Extracted information: Begin
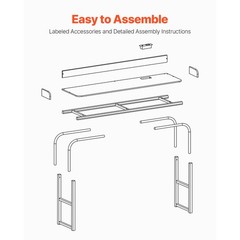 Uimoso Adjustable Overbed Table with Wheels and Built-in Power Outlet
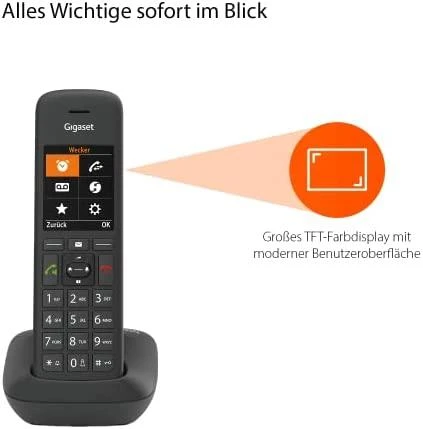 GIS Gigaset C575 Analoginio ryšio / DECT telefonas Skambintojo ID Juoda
Extracted information: End
Extracted information: Begin
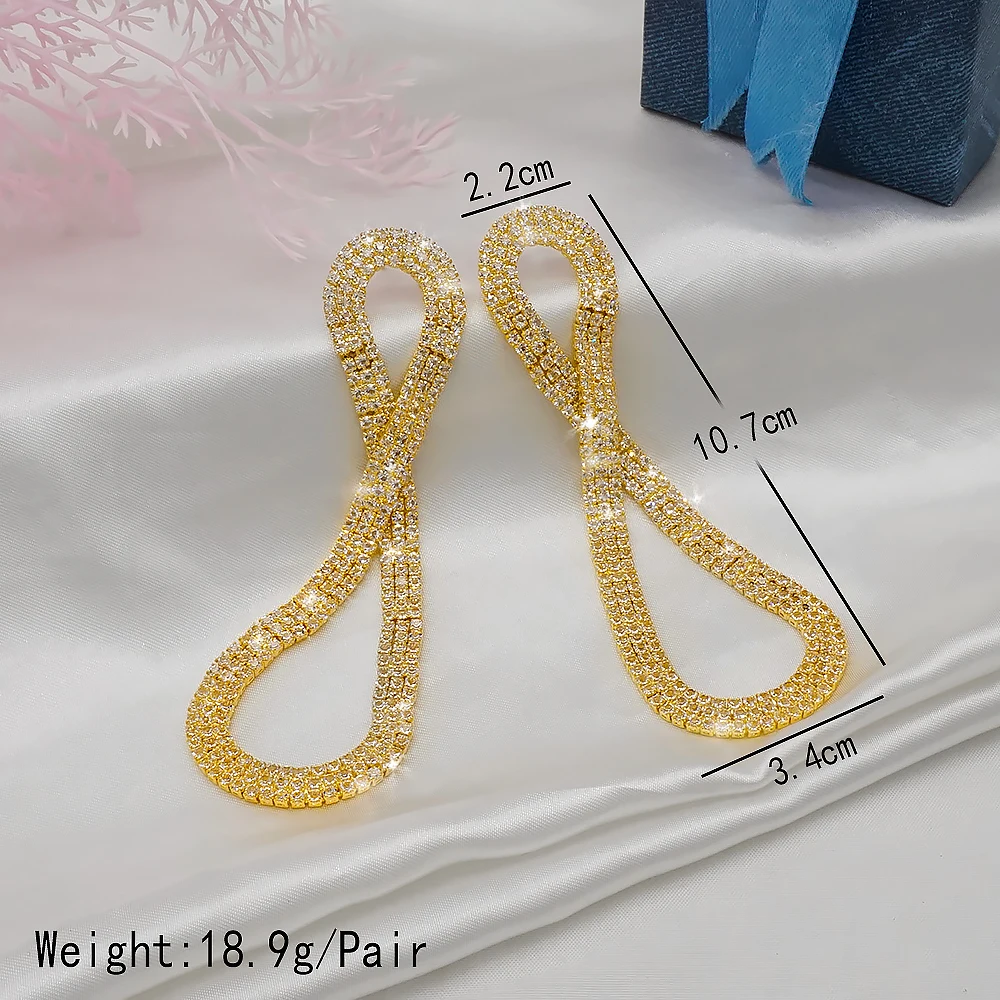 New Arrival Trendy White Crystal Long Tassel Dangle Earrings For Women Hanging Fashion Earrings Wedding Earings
Extracted information: End
Extracted information: Begin
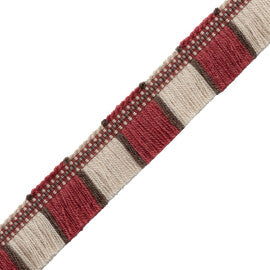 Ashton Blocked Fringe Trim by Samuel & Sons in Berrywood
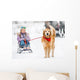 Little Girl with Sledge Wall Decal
Extracted information: End
Work to be completed. Above are the records; copy exactly the lines from the one with "Ashton Blocked Fringe" through the one with "Little Girl with Sledge Wall Decal", including both, and nothing more. Leave out pictures.

Answer.
 Ashton Blocked Fringe Trim by Samuel & Sons in Berrywood
 Little Girl with Sledge Wall Decal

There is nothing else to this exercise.